What’s a good Bayesian alternative to statistical significance testing? For example, if I look over my company’s email data to figure out what the best time of the week to send someone an email is, and I’ve got all possible hours of the week ordered by highest open rate to lowest open rate, how can I get a sense of whether I’m looking at a real effect or just noise?
In that scenario, how much does it really matter? It’s free to send email at one time of week rather than another, so your only cost is the opportunity cost of picking a bad time to email people, which doesn’t seem likely to be too big.
Our email send by the hour would get far lumpier, so we would have to add more servers in order to handle a much higher peak emails sent per minute. And it takes development effort to configure emails to send at an intelligent time based on the user’s timezone.

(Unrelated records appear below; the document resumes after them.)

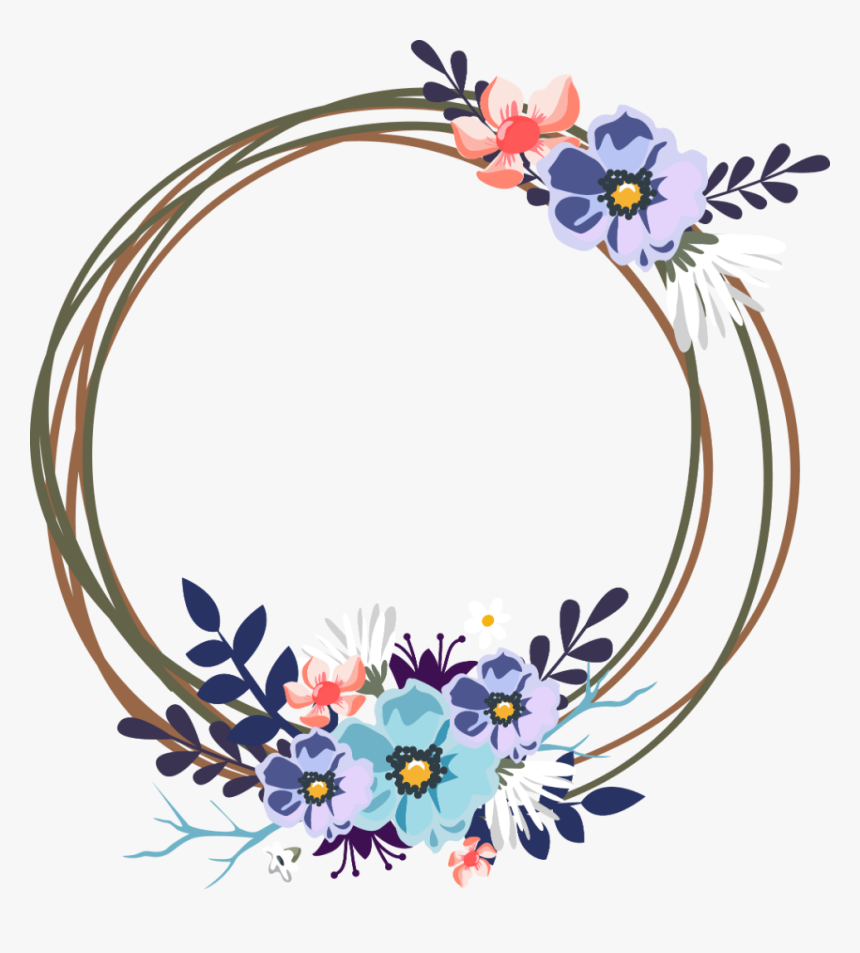 #round #circles #circle #frames #frame #borders #border - Wedding Floral Vector Png, Transparent Png, Free Download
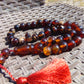 75 gr Tasbih Mesbah Rosary 33+2 Beads 15 mm Indonesian Blue Red Amber for Healing 26TBA31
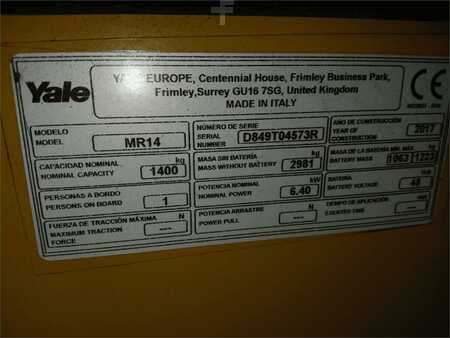 Skjutstativtruck - Yale MR14 (8)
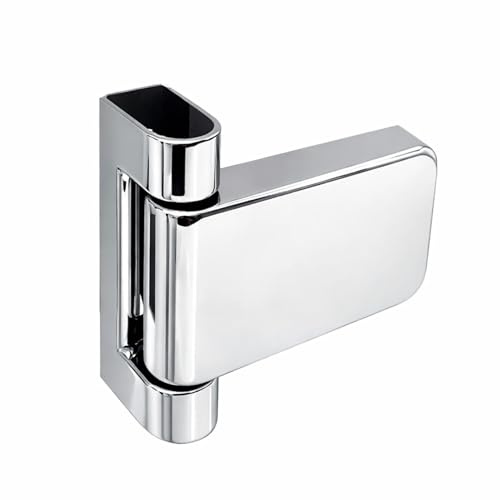 UAP 3D Adjustable T Flag Axis Door Hinges - High Security for All External uPVC Doors - Universal, Non-Handed Design for Optimal Functionality and Versatile Installation (21mm Rebate, Chrome)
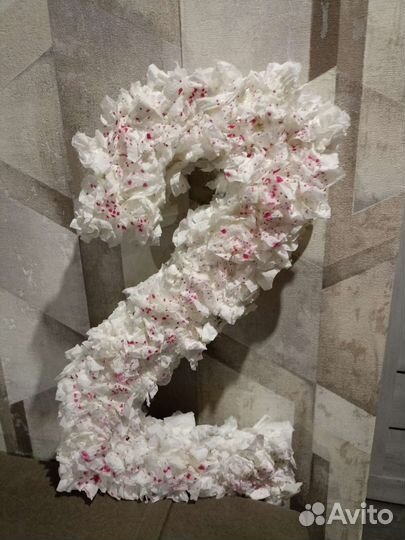 Цифра 2 на день рождения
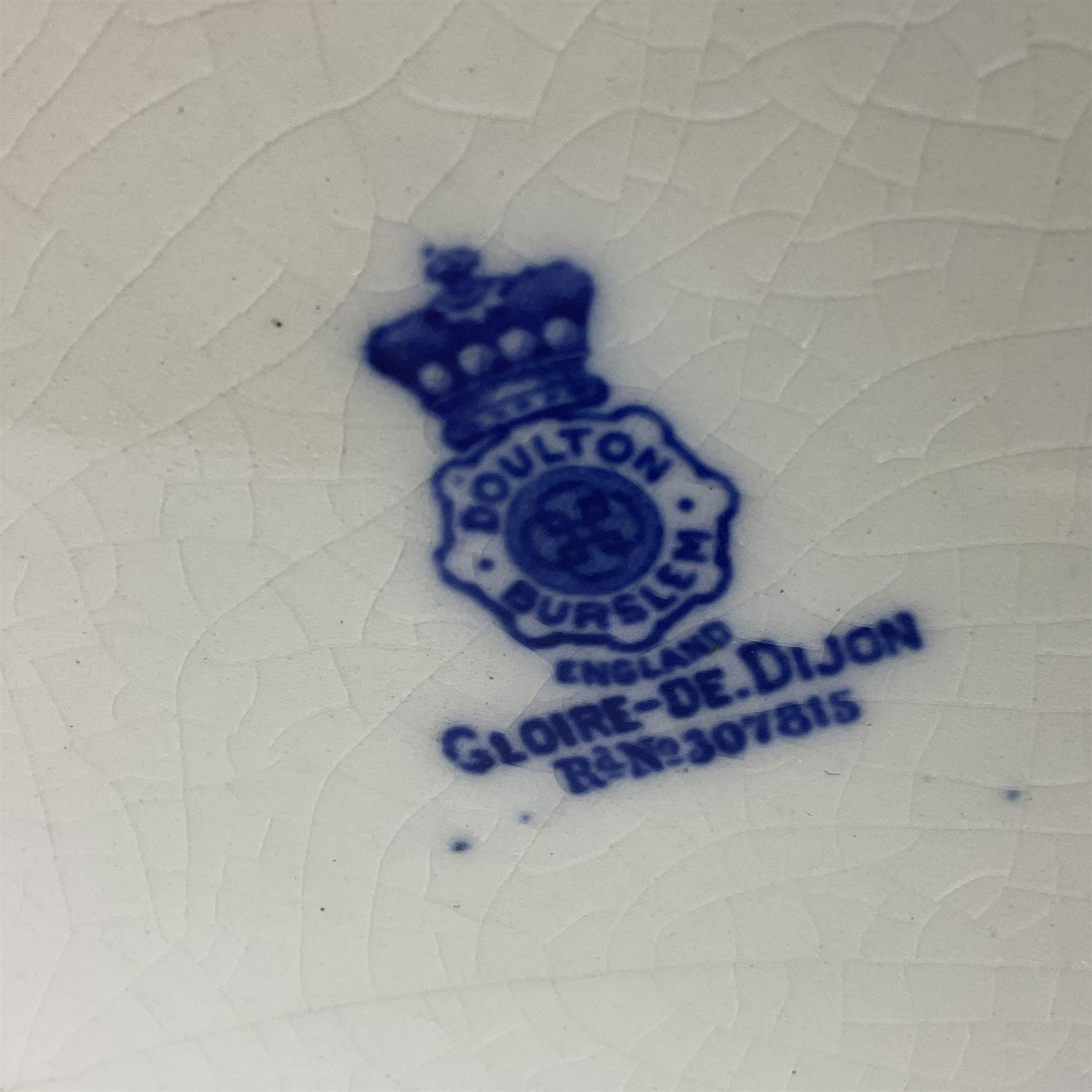 Doulton Burslem vase with fluted rim, in the Gloire-de-Dijon pattern H31cm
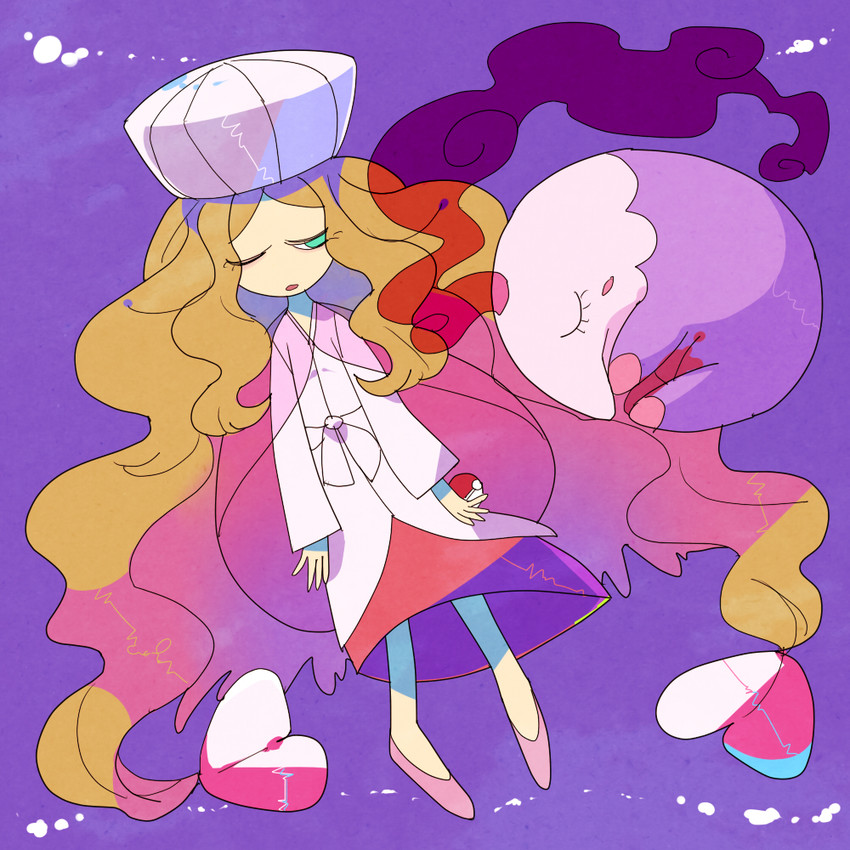caitlin and musharna (pokemon and 1 more) drawn by furukawa_(yomawari)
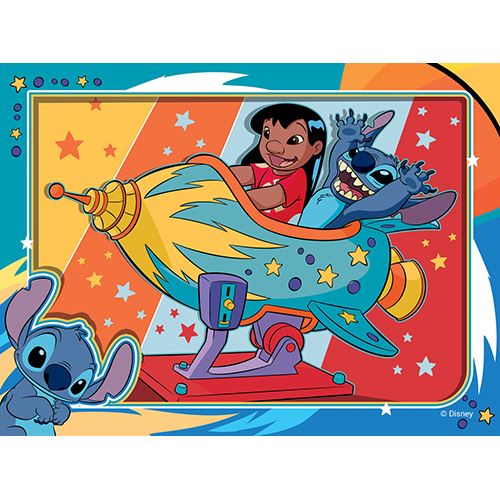 Pack Puzzle 4 en 1 Stitch – Disney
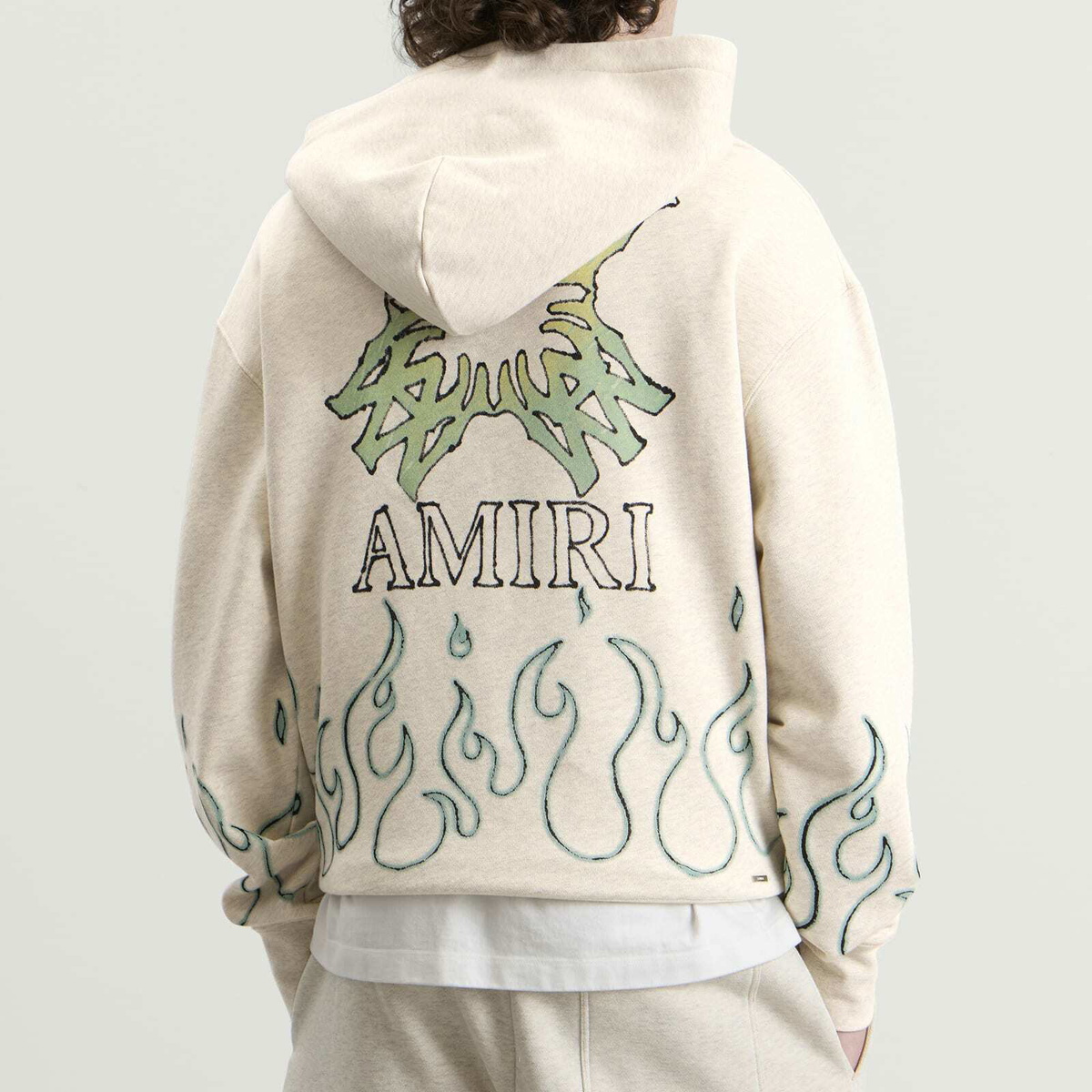 Amiri Men's MA Quad Flames Hoodie in Ivory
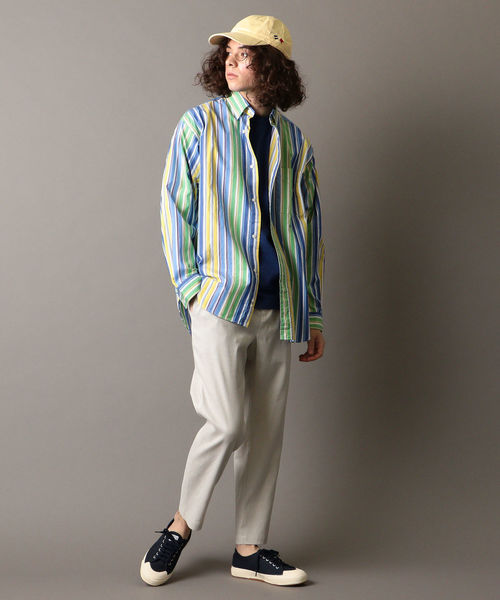 Champion（チャンピオン）の「Champion: made in usa T-1011 カラーTシャツ（Tシャツ/カットソー・メンズ・コバルトブルー/ライトグリーン/レンガ/キャメル・MEDIUM/LARGE/SMALL/X-LARGE）」の17枚目の写真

OK, here’s a proposed solution I came up with. Start with the overall open rate for all emails regardless of time of the week. Use that number, and your intuition for how much variation you are likely to see between different days and times (perhaps informed by studies on this subject that people have already done) to construct some prior distribution over the open probabilities you think you’re likely to see. You’ll want to choose a distribution over the interval (0, 1) only… I’m not sure if this one or this one is better in this particular case. Then for each hour of the week, use maximum-a-posteriori estimation (this seems like a brief & good explanation) to determine the mode of the posterior distribution, after you’ve updated on all of the open data you’ve observed. (This provides an explanation of how to do this.) The mode of an hour’s distribution is your probability estimate that an email sent during that particular hour of the week will be opened.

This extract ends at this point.